403/503 – Homework 5

This set is due Friday, March 26.

  1. The taxicab norm on {{\mathbb R}^2} is defined by setting {\|{\mathbf v}\|=|v_1|+|v_2|,} where {{\mathbf v}=(v_1,v_2).} Show that this is indeed a norm. As usual, we can define a distance function by setting {d({\mathbf v},{\mathbf w})=\|{\mathbf v}-{\mathbf w}\|.} Find 2 non-congruent, non-degenerate triangles with sides of length 1, 1, and 2.
  2. This exercise is related to an 80-year old open problem of Paul Erdös. Consider a unit square {H}. Inscribe in {H} exactly {n} squares with no common interior point. (The squares do not need to cover all of {H}.) Denote by {e_1,\dots,e_n} the side lengths of these squares, and define
    \displaystyle  f(n)=\max\sum_{i=1}^ne_i.

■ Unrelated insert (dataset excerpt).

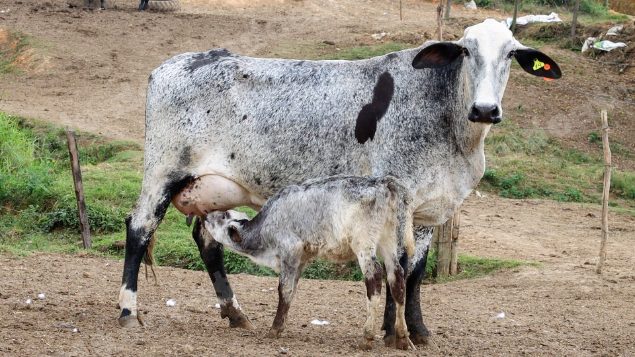 Lote em leilao em Silveiras/SP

    Show that {f(n)\le\sqrt n}, and that equality holds iff {n} is a perfect square.

    (Erdös problem is to find all {n} for which {f(n)=f(n+1)}. Currently, it is only known that {f(n)<f(n+2)} for all {n}, {f(1)=f(2)=1}, {f(4)=f(5)=2}, and that if {f(n)=f(n+1)}, then {n} is a perfect square.)

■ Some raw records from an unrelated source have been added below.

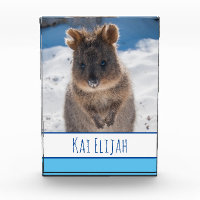 Blue Boys Personalised Quokka on the Beach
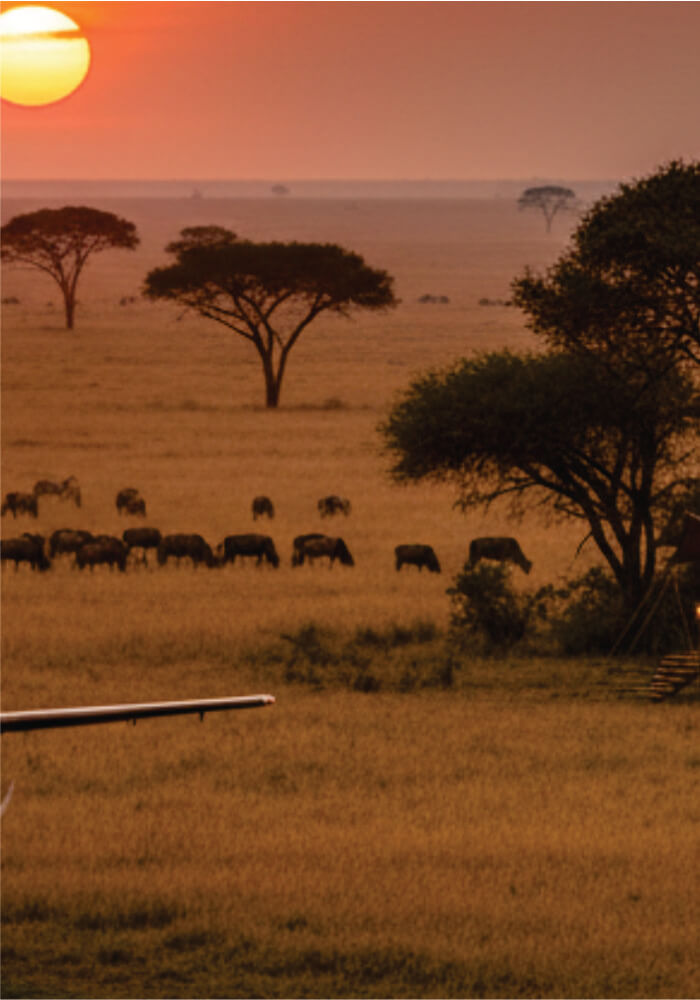 Safari scene with animals grazing under a sunset sky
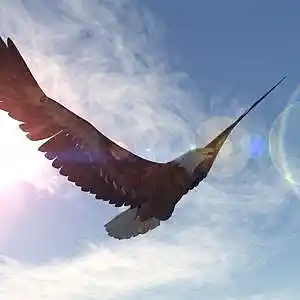 Picture for song 'Art Of Flying' by artist 'Torrey Desmond Rogers - sound tapestry'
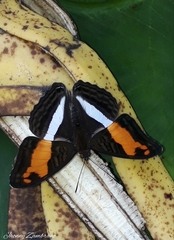 Adelpha cocala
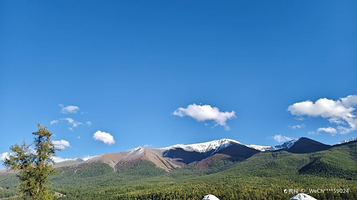 巴太的树-《我的阿勒泰》取景地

  3. (This exercise comes from Jerry Shurman, Geometry of the quintic, Wiley-Interscience, 1997.)A rigid motion of {{\mathbb R}^3} is a function {R:{\mathbb R}^3\rightarrow{\mathbb R}^3} such that

    \displaystyle  \langle R({\mathbf y})-R({\mathbf x}),R({\mathbf z})-R({\mathbf x})\rangle=\langle {\mathbf y}-{\mathbf x},{\mathbf z}-{\mathbf x}\rangle

    for all vectors {{\mathbf x},{\mathbf y},{\mathbf z}\in{\mathbb R}^3.} (Here, {\langle\cdot,\cdot\rangle} is the usual inner product on {{\mathbb R}^3}.) The goal of this exercise is to show that these maps are precisely the functions of the form {R({\mathbf x})=A{\mathbf x}+{\mathbf b}} where {A} is an orthogonal matrix and {{\mathbf b}\in{\mathbb R}^3}.

    1. By definition, a {3\times 3} matrix {A} with real entries is orthogonal iff {A^TA=I,} where {A^T} is the transpose of {A}. Show that this is equivalent to stating that {A} preserves inner products, in the sense that
      \displaystyle  \langle A{\mathbf x},A{\mathbf y}\rangle=\langle{\mathbf x},{\mathbf y}\rangle

      for all {{\mathbf x},{\mathbf y}\in{\mathbb R}^3}.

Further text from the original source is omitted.